— What is expected —
Without including any picture, write out the entries exactly as they stand.

[[ Supplied entries open ]]

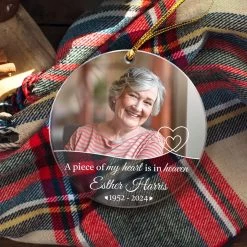Personalized Memorial Ornaments With Photo Picture A Piece Of My Heart Is In Heaven Acrylic Christmas Ornament Sympathy Remembrance Keepsake Lost Loved One Gifts -Gift Series Store FMSJOAHNHA010823001 MK8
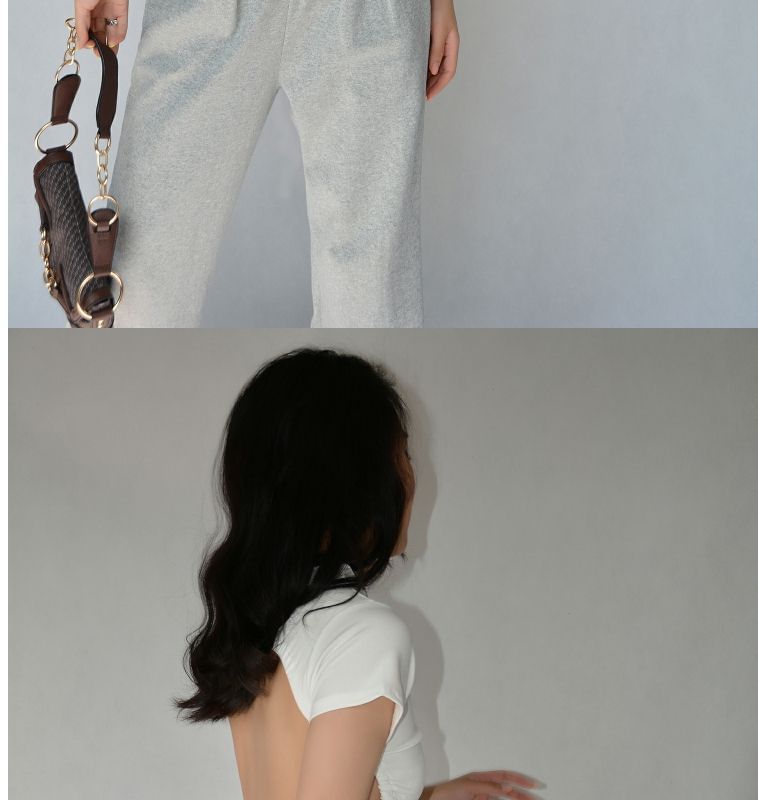 Cropped Open Back Short-Sleeve Plain Tee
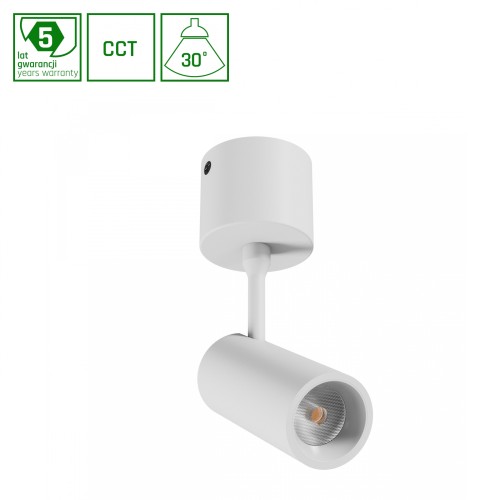 SPOT M Oprawa natynkowa 10W CCT 230V 30st IP20 śr.44 x145x205mm biały 5 Lat Gwarancji WLD+20017_CCT SPECTRUM LED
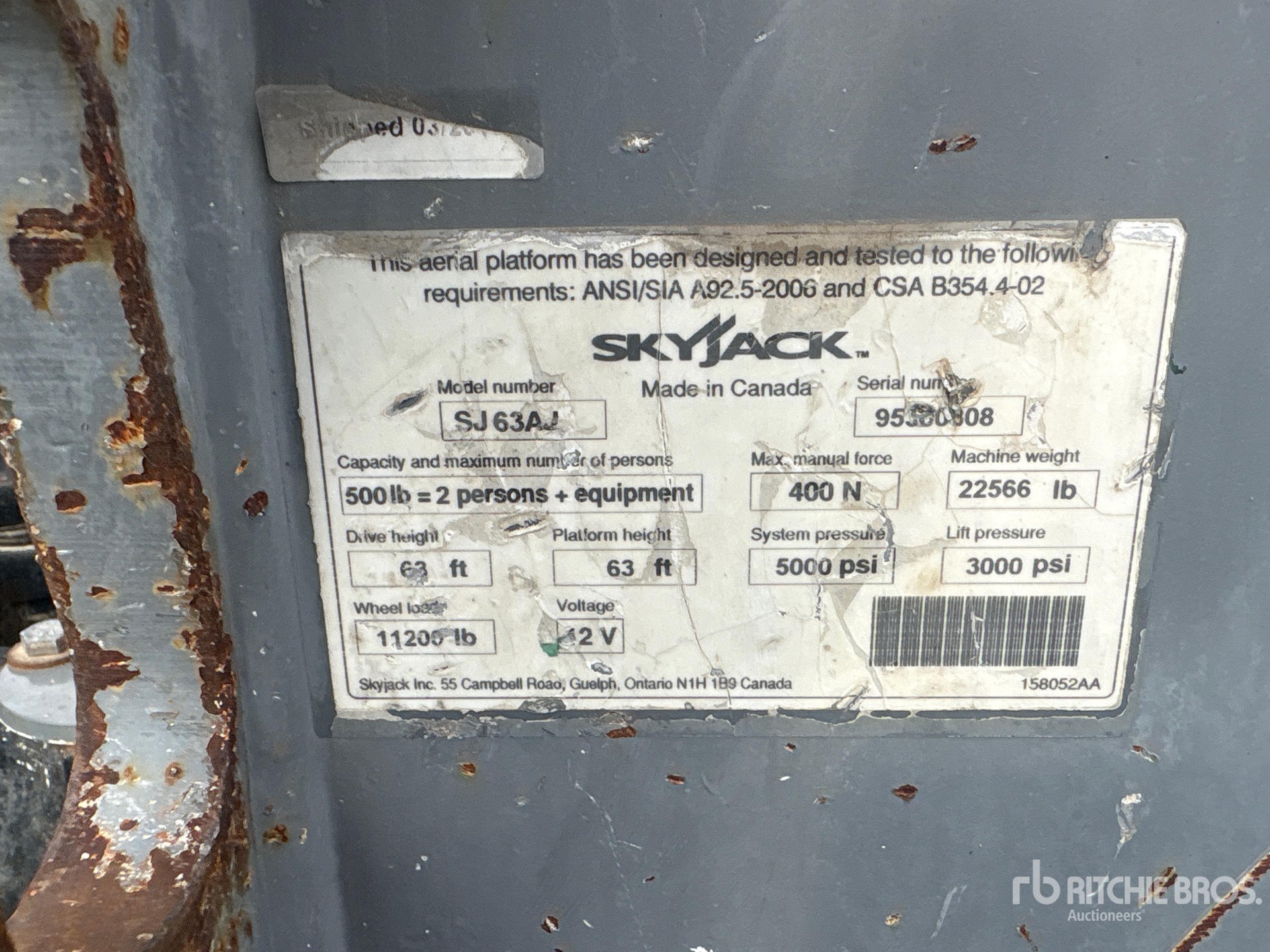 2016 Skyjack SJ63AJ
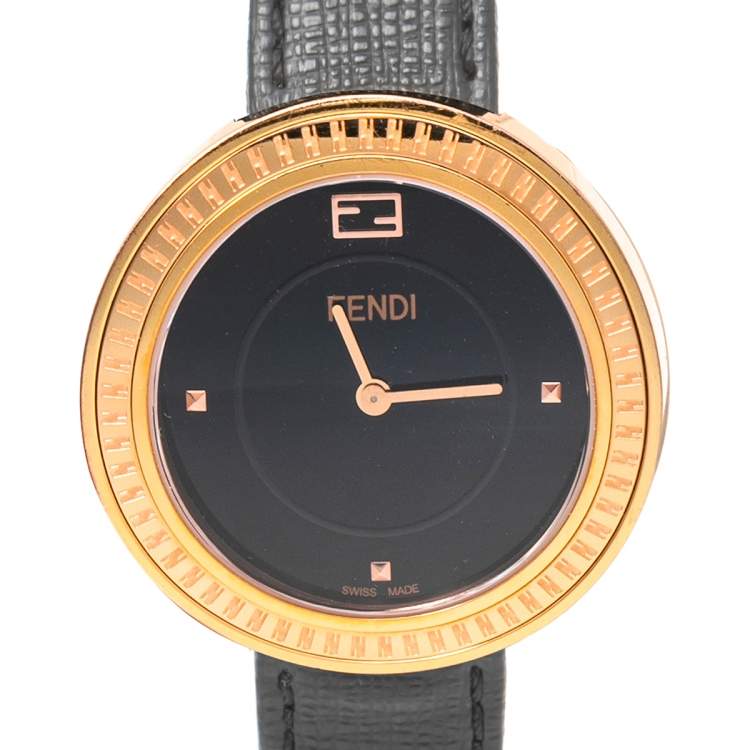 Pre Owned Fendi Black Rose Gold Plated Stainless Steel Leather My Way 35000M Women's Wristwatch 36 mm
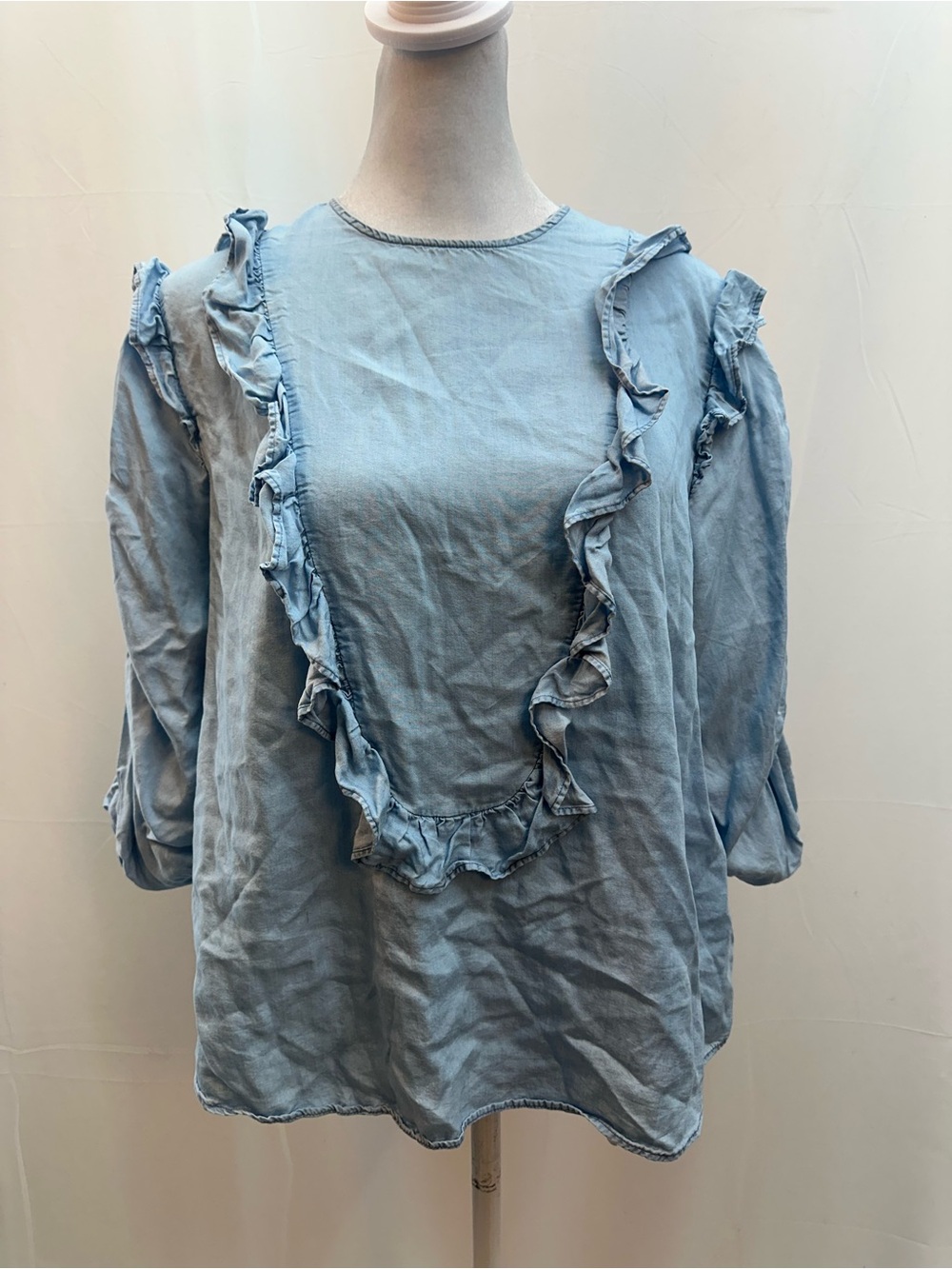 Zara Light Blue Ruffle-Front Blouse L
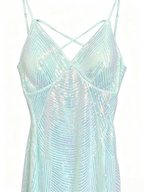 Mint Sequin Crisscross Back Maxi Dress
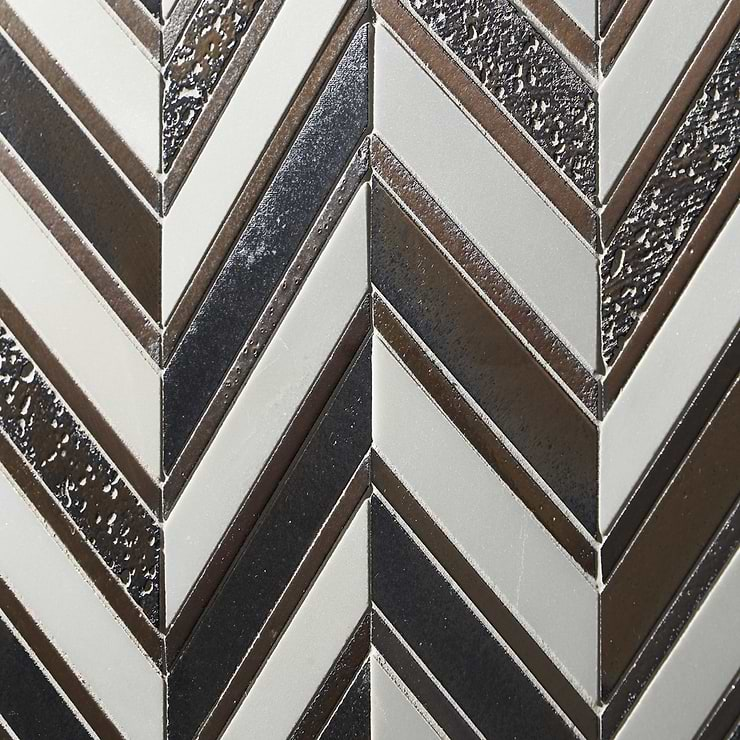 Magma Chevron Susa Bronze Black & White Asian Statuary Marble & Lava Stone Polished Mosaic Tile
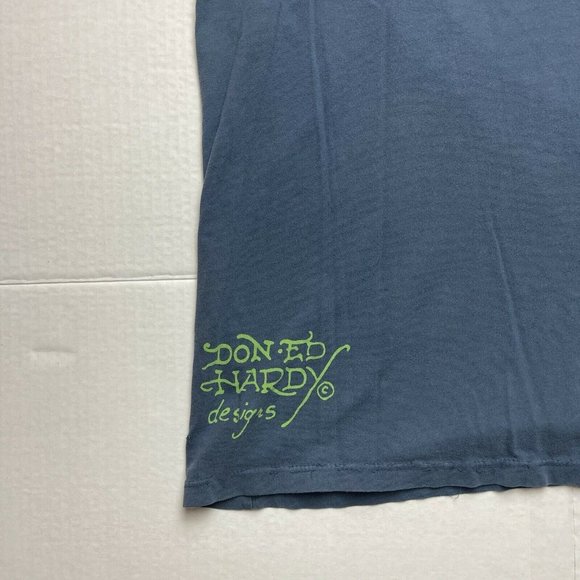 Vintage Y2K Ed Hardy T Shirt All Over Print Blue Green Size L - Picture 7 of 9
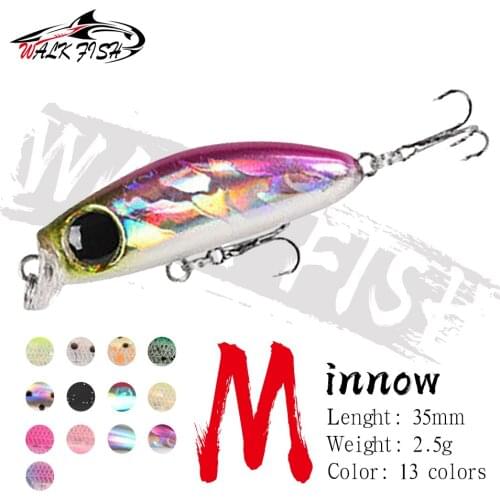 WALK FISH 35MM 2.5G Minnow Fishing Lure Japanese Design Slowly Sinking Mini Hard Bait Topwater Wobbler Crankbait Perch Trout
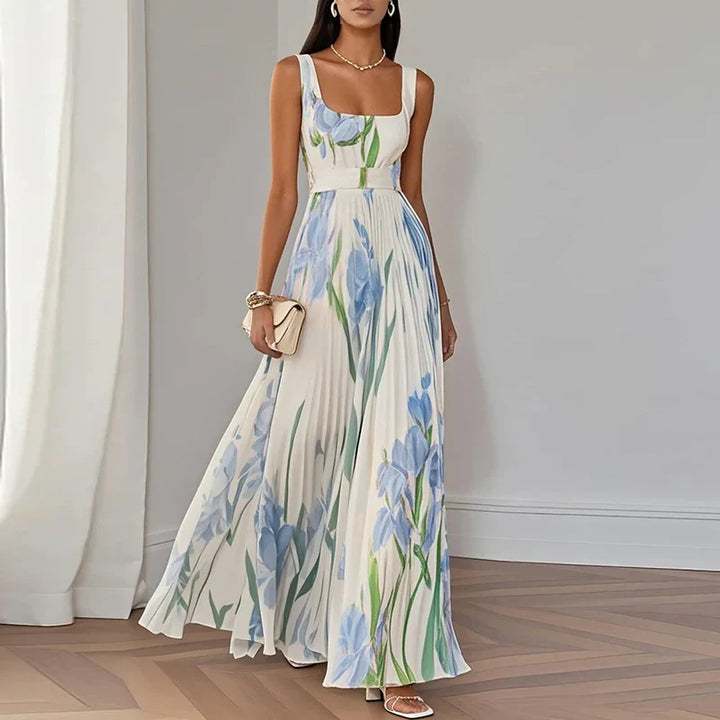 Elegant women's floral pleated maxi dress, perfect for wedding guest or summer party. Square neck design.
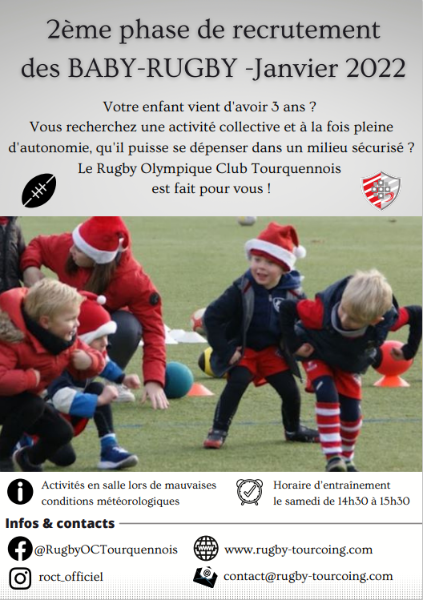 2ème session de recrutement  pour le Baby-Rugby -Janvier 2022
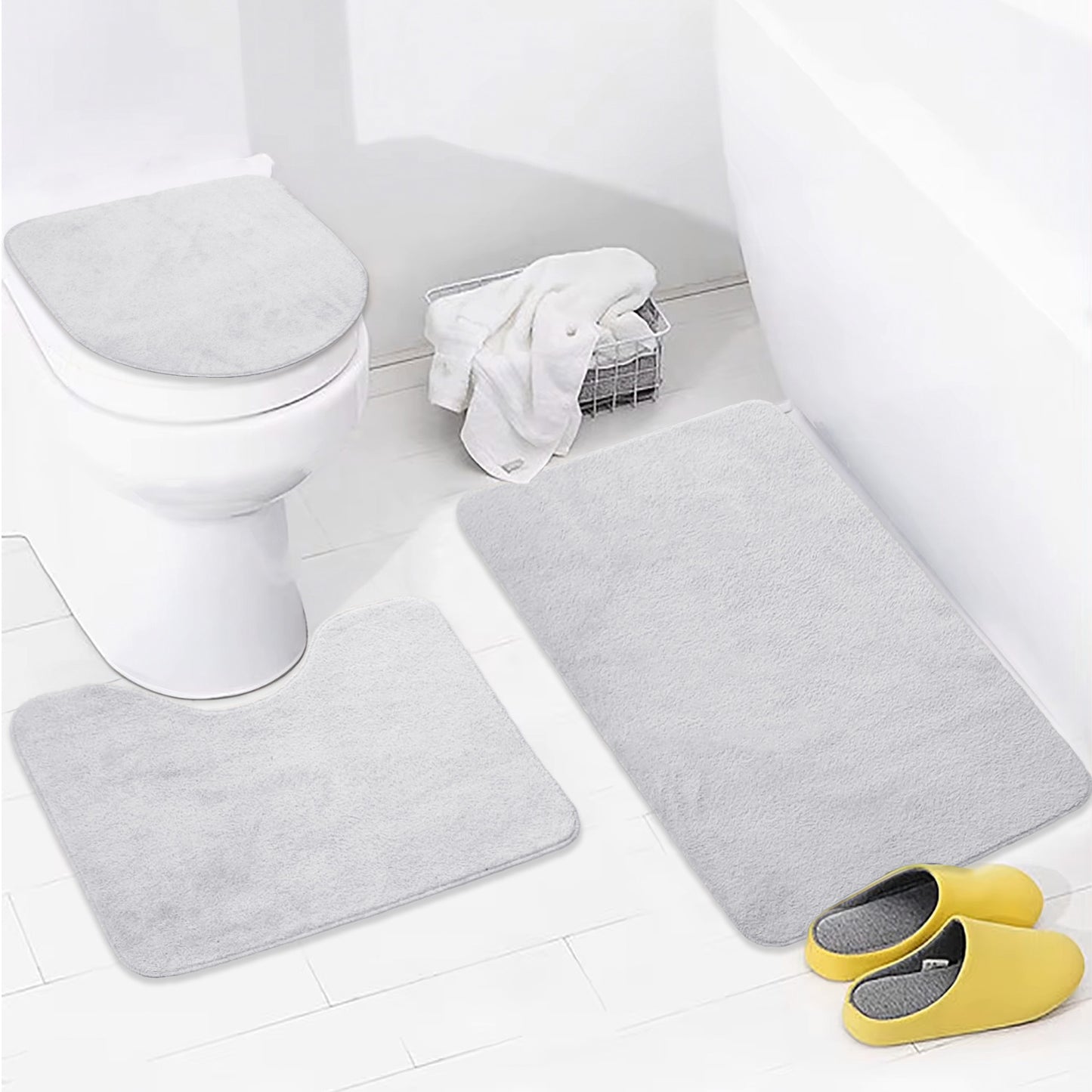 Bonny Home Unicolor Grau 3er Set Badematten – Rutschfeste Badvorleger mit Ledersohle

[[ Supplied entries closed ]]

— Response box —
Personalized Memorial Ornaments With Photo Picture A Piece Of My Heart Is In Heaven Acrylic Christmas Ornament Sympathy Remembrance Keepsake Lost Loved One Gifts -Gift Series Store FMSJOAHNHA010823001 MK8
 Cropped Open Back Short-Sleeve Plain Tee
 SPOT M Oprawa natynkowa 10W CCT 230V 30st IP20 śr.44 x145x205mm biały 5 Lat Gwarancji WLD+20017_CCT SPECTRUM LED
 2016 Skyjack SJ63AJ
 Pre Owned Fendi Black Rose Gold Plated Stainless Steel Leather My Way 35000M Women's Wristwatch 36 mm
 Zara Light Blue Ruffle-Front Blouse L
 Mint Sequin Crisscross Back Maxi Dress
 Magma Chevron Susa Bronze Black & White Asian Statuary Marble & Lava Stone Polished Mosaic Tile
 Vintage Y2K Ed Hardy T Shirt All Over Print Blue Green Size L - Picture 7 of 9
 WALK FISH 35MM 2.5G Minnow Fishing Lure Japanese Design Slowly Sinking Mini Hard Bait Topwater Wobbler Crankbait Perch Trout
 Elegant women's floral pleated maxi dress, perfect for wedding guest or summer party. Square neck design.
 2ème session de recrutement  pour le Baby-Rugby -Janvier 2022
 Bonny Home Unicolor Grau 3er Set Badematten – Rutschfeste Badvorleger mit Ledersohle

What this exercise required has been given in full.